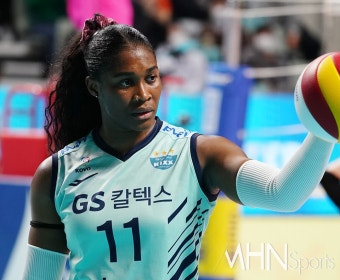 [Ms포토] 모마 '장충폭격기 선발 복귀' < 포토뉴스 < 배구 < 스포츠 < 기사본문 - MHNsports / MHN스포츠 [Ms포토] 모마 '장충폭격기 선발 복귀'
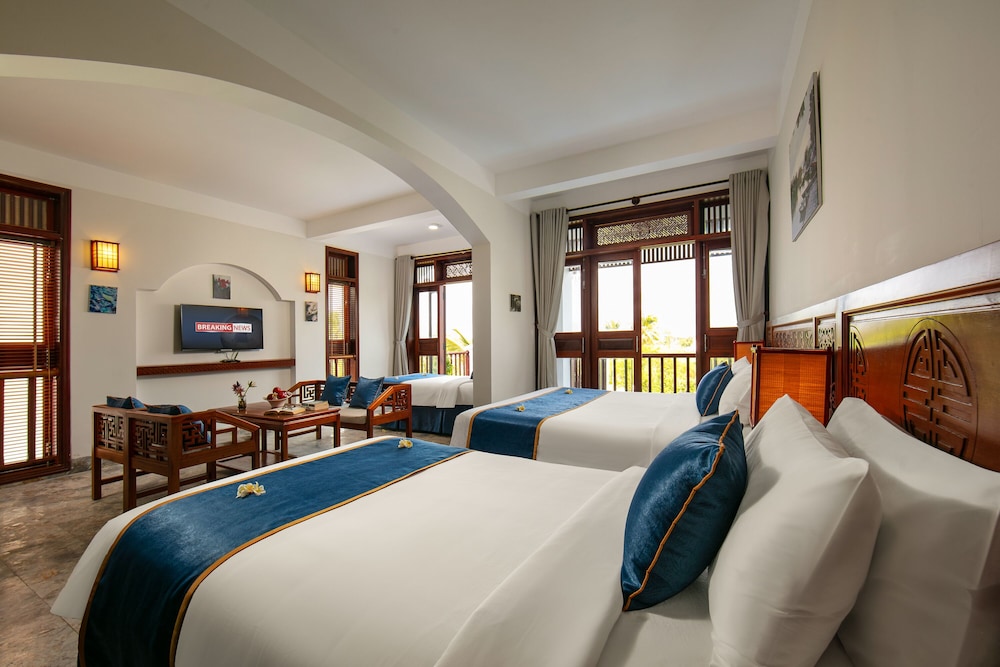 Hoi An River Palm Villas 24/64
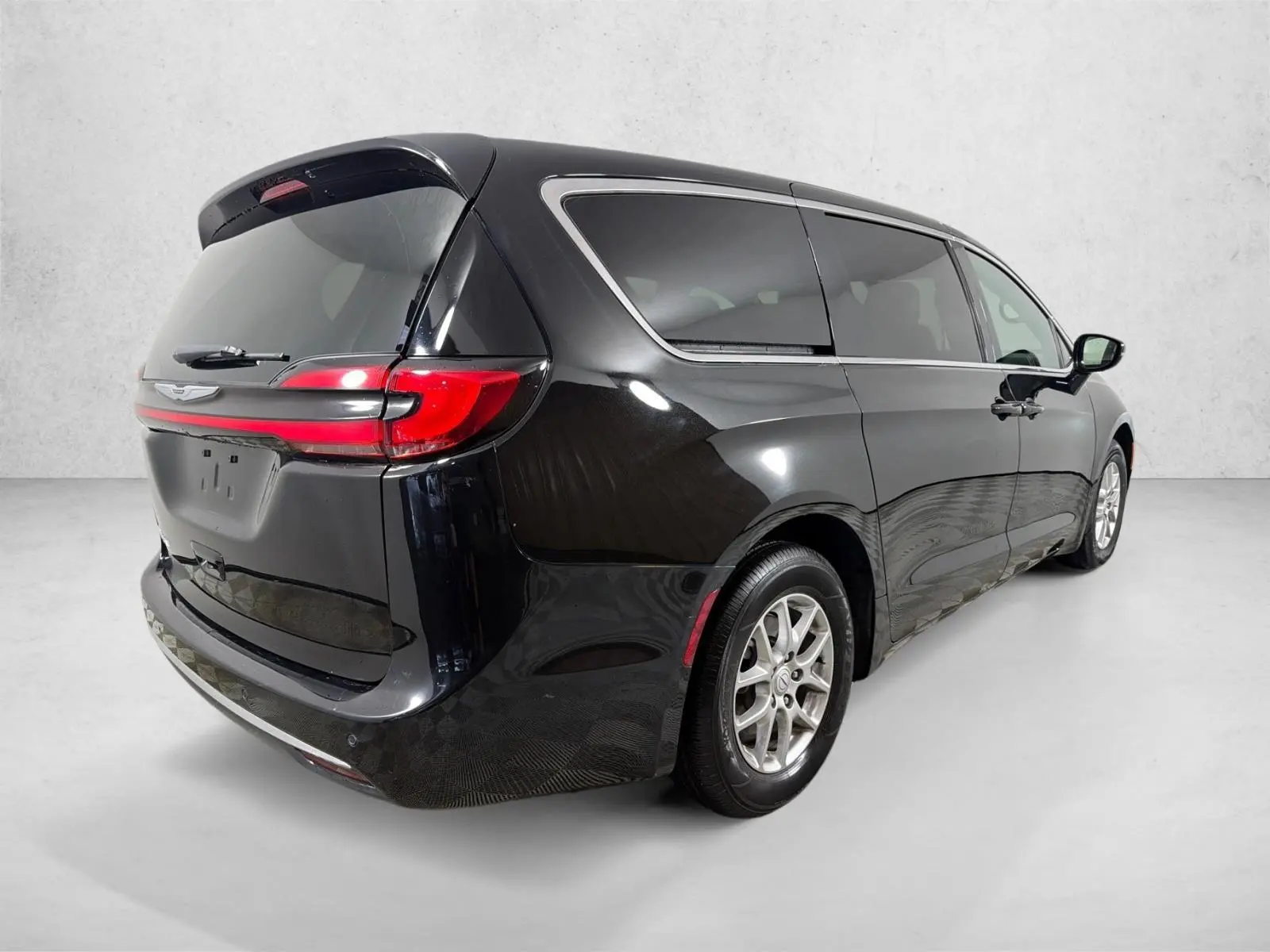 2025 Chrysler Pacifica Select photo 3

__WHAT TO WORK ON__:
An exact copy of the material above is required, free of any pictures.

__RESULT FOR THIS EXERCISE__:
 [Ms포토] 모마 '장충폭격기 선발 복귀' < 포토뉴스 < 배구 < 스포츠 < 기사본문 - MHNsports / MHN스포츠 [Ms포토] 모마 '장충폭격기 선발 복귀'
 Hoi An River Palm Villas 24/64
 2025 Chrysler Pacifica Select photo 3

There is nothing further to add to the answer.